Based on this post I've decided that Azure Drive is not the best way to go.
Can someone guide me in the right direction (ideally with an example)? The best solution in my mind would be one that only requires a change to my config file. But I'm guessing that is not realistic.
Indeed, you want to use Azure Blob storage to save your files.
As for your coding question, consider creating an interface, call it IFileStore:
public interface IFileStore
{
void Save(string filePath, byte [] contents);
byte [] Read(string filePath);
}
Then you create 2 provider classes, one for the file system, and one for Azure Blob storage.
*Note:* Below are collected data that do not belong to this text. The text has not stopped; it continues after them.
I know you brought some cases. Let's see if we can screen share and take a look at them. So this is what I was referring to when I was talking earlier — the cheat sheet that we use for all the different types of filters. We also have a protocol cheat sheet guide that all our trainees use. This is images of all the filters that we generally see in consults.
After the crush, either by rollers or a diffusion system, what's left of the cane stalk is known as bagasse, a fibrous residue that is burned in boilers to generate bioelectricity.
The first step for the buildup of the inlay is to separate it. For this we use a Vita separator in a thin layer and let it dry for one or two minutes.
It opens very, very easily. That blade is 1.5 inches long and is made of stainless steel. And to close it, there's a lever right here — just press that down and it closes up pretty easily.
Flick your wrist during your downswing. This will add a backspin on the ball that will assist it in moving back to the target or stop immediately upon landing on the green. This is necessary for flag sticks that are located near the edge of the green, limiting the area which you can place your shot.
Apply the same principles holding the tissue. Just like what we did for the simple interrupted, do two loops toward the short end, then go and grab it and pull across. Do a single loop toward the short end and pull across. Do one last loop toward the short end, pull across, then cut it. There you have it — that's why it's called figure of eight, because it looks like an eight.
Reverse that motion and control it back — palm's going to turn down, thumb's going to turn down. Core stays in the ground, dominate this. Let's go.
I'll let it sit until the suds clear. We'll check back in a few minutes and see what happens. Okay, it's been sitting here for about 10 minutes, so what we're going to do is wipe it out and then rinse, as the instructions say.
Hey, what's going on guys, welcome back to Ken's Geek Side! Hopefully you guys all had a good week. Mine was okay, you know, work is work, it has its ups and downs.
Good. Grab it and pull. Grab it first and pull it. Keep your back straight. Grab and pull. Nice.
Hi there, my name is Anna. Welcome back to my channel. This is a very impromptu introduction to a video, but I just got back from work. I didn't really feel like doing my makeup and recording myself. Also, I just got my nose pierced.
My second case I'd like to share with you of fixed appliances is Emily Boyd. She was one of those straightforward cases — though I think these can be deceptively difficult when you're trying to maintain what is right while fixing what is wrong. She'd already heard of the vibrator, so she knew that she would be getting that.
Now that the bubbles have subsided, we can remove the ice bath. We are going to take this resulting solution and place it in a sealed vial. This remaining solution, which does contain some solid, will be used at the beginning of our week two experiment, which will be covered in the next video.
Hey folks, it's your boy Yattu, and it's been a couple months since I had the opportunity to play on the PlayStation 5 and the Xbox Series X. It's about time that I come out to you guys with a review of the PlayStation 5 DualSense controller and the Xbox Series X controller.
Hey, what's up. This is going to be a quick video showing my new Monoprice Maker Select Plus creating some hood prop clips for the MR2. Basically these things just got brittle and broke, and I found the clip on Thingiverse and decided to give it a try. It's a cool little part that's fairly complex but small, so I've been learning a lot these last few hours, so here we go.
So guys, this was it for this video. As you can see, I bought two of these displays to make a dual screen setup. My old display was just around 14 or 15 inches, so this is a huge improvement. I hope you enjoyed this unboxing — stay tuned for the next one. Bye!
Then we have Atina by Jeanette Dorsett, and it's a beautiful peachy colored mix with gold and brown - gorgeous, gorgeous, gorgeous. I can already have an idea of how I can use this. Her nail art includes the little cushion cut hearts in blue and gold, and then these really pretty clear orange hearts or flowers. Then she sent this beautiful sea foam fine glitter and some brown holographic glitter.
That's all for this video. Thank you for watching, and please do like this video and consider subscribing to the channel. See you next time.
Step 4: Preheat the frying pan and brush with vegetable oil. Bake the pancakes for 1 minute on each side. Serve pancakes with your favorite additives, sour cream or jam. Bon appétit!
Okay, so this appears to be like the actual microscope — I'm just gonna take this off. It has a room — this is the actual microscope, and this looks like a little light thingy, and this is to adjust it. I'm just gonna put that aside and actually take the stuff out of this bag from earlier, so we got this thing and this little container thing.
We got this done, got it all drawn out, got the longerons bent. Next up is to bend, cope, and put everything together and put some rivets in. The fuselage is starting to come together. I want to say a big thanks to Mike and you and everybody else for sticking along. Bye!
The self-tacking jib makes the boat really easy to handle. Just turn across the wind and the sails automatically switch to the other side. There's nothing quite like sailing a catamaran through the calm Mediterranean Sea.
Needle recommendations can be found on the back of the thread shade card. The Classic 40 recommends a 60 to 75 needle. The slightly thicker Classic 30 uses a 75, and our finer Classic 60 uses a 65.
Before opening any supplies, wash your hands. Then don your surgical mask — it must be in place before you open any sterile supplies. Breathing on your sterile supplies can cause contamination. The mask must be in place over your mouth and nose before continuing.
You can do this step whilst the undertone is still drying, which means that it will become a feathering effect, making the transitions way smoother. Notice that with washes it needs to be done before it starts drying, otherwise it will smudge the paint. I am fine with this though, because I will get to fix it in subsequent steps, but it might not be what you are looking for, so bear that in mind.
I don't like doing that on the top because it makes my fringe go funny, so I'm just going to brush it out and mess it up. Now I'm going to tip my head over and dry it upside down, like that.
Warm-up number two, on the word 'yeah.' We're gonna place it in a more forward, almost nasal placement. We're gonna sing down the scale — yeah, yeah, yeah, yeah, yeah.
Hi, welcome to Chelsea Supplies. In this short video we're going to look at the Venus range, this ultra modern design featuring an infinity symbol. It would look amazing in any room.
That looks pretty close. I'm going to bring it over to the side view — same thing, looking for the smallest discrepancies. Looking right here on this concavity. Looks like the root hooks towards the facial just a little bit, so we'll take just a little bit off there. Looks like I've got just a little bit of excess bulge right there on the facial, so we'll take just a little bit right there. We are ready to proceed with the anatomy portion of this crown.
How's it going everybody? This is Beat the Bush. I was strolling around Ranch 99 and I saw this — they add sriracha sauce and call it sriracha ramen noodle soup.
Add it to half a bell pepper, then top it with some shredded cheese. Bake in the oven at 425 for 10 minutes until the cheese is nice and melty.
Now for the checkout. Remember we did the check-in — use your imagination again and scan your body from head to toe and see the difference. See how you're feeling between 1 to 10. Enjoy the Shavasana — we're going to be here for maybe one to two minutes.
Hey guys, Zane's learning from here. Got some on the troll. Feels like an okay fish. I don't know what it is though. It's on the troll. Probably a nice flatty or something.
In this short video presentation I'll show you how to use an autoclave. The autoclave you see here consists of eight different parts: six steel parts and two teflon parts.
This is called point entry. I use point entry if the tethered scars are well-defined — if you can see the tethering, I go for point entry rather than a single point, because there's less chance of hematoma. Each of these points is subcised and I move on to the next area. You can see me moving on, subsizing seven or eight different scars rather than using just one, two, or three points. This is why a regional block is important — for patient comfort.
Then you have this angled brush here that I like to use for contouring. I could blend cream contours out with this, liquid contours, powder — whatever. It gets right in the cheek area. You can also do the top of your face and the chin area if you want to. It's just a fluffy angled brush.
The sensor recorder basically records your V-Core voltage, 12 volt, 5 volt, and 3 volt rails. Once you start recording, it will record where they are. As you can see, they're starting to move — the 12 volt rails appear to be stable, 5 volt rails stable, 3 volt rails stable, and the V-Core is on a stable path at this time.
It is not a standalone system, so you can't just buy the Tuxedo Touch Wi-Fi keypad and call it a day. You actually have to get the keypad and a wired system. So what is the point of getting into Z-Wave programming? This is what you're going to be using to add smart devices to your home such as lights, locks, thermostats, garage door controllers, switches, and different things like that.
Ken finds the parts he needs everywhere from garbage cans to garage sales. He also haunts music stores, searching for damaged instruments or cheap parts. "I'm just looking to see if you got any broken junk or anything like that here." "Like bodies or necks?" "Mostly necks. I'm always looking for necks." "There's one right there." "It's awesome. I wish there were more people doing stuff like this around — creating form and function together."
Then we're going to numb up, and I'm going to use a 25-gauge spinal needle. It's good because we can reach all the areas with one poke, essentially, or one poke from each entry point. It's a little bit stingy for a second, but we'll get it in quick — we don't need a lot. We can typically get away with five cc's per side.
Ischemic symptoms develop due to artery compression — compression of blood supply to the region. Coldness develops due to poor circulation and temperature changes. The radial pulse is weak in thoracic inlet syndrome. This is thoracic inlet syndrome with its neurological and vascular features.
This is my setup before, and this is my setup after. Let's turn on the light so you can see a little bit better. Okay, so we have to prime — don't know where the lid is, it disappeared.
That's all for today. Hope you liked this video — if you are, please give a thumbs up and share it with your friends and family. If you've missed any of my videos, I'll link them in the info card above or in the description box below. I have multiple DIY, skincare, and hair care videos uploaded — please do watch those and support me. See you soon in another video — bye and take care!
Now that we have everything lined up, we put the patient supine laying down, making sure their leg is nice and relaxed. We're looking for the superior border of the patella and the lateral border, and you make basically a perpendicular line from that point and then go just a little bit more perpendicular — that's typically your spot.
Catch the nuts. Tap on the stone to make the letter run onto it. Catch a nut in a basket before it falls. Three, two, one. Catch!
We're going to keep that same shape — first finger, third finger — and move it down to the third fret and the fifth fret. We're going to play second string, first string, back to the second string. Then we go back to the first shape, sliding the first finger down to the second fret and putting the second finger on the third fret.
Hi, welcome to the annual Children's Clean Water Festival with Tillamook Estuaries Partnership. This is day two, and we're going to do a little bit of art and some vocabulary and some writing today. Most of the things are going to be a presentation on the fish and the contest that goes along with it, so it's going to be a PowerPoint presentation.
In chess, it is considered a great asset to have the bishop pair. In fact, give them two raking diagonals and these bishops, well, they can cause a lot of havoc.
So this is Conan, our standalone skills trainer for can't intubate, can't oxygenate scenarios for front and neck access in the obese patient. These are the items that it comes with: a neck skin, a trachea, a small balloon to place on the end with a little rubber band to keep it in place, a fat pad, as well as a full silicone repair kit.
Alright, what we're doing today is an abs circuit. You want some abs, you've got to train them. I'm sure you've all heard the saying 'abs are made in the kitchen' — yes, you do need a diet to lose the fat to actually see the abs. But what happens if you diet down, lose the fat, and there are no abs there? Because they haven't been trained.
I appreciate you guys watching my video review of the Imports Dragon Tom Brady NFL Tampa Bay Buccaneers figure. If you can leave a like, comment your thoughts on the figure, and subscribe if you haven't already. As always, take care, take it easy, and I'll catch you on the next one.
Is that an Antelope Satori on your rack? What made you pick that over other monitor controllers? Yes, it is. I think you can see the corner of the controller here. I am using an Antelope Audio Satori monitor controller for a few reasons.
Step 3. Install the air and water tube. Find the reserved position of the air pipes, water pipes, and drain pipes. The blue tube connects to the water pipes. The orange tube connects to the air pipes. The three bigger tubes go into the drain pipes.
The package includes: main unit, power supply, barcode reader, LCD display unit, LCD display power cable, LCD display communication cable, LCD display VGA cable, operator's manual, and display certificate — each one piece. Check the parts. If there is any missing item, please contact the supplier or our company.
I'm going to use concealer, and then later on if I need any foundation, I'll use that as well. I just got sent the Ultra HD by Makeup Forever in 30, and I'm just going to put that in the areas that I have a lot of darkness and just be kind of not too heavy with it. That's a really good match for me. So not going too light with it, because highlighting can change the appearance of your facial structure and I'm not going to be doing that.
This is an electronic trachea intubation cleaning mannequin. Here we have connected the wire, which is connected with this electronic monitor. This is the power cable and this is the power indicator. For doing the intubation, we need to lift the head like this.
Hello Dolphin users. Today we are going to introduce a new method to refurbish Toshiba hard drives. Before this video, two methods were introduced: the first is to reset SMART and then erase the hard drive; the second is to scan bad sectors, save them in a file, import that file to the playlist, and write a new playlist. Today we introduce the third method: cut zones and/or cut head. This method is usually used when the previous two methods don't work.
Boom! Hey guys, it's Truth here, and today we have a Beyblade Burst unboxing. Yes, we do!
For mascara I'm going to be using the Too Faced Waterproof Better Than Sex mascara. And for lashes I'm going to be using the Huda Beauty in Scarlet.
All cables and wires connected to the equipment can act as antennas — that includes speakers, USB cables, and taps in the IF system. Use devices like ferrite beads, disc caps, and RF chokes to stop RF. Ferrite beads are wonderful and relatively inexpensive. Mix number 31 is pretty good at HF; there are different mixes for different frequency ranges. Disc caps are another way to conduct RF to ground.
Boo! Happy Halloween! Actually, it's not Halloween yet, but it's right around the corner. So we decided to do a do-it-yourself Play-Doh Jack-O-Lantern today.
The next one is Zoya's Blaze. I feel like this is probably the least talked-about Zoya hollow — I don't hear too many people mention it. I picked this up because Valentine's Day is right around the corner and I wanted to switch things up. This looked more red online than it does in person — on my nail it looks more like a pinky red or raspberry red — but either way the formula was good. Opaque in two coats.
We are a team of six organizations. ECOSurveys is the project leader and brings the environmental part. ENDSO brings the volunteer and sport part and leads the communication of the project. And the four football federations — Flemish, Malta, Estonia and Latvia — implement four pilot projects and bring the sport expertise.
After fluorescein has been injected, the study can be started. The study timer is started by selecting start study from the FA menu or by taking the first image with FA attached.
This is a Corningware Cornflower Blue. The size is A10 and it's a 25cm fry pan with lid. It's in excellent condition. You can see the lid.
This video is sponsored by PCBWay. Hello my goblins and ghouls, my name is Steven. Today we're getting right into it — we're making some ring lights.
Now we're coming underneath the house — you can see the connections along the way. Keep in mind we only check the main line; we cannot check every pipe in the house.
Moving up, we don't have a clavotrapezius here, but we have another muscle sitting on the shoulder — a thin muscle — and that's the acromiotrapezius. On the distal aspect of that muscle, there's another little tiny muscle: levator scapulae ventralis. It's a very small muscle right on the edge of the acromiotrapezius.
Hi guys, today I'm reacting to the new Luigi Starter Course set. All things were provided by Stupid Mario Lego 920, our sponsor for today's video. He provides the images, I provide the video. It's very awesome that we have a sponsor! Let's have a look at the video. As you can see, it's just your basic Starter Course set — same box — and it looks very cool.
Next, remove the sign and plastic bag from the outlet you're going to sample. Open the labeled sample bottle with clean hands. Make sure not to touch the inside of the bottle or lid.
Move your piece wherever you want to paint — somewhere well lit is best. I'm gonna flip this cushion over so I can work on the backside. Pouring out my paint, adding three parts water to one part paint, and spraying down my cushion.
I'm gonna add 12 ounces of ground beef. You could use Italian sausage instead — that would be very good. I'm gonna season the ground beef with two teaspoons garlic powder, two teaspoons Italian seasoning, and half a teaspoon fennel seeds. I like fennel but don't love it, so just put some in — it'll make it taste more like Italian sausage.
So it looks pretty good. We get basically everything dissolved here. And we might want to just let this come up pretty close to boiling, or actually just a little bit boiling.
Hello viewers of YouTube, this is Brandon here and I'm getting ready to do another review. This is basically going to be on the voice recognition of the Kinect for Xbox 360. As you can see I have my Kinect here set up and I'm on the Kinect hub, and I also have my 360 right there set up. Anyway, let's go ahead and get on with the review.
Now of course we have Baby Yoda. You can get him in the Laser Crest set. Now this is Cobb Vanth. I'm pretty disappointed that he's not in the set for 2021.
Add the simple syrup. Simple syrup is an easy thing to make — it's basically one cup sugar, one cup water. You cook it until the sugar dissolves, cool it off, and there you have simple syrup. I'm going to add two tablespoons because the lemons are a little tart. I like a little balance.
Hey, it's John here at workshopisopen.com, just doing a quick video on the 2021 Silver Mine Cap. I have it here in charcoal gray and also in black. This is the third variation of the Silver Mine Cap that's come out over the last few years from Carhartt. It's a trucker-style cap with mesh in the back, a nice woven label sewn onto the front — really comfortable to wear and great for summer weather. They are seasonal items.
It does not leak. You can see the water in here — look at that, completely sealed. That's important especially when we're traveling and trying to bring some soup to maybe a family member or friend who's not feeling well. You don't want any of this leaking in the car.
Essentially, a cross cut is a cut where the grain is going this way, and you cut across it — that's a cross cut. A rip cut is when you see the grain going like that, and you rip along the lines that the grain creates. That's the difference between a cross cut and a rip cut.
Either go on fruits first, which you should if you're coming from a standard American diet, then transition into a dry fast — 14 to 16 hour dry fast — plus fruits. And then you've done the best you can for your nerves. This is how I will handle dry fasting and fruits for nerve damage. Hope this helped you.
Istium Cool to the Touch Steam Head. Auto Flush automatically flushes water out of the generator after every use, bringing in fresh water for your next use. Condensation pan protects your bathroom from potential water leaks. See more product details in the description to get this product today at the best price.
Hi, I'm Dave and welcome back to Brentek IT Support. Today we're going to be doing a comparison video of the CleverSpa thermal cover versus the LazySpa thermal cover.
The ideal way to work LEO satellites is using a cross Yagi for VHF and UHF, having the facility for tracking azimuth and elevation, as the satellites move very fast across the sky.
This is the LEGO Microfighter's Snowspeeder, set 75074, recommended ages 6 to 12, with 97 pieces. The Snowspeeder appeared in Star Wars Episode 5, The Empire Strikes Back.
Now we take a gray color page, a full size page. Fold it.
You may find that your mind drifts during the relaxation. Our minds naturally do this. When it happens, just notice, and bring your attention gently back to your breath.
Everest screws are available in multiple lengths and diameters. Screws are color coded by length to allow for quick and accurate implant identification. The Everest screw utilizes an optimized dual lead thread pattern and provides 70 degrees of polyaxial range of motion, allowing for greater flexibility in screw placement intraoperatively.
The file system provider can implement the save function like this:
public void Save(string filePath, byte [] content)
{
File.WriteAllBytes(filePath, content);
}
public byte [] Read(string filePath)
{
return File.ReadAllBytes(filePath);
}
As for the Azure Blob provider, you will have to derive the storage path based on the filePath passed in to you.
Generally
For your storage, I'd recommend using Blob and Table storage - this allows multiple instances to access the storage simultaneously. If you want to assist with making the code portable, then I'd recommend abstracting your code behind interfaces/APIs (see #Philpp's answer).
e.g.
for your log file example, then table storage might be the best thing to use
for your image files, then blob storage might be the best thing to use
If you really want to use AzureDrive
I'd only recommend using AzureDrive if you are only ever going to deploy a single instance of your role - otherwise you will end up fighting problems with sharing files across multiple instances (and remember that only 1 instance can mount with write access at any one time)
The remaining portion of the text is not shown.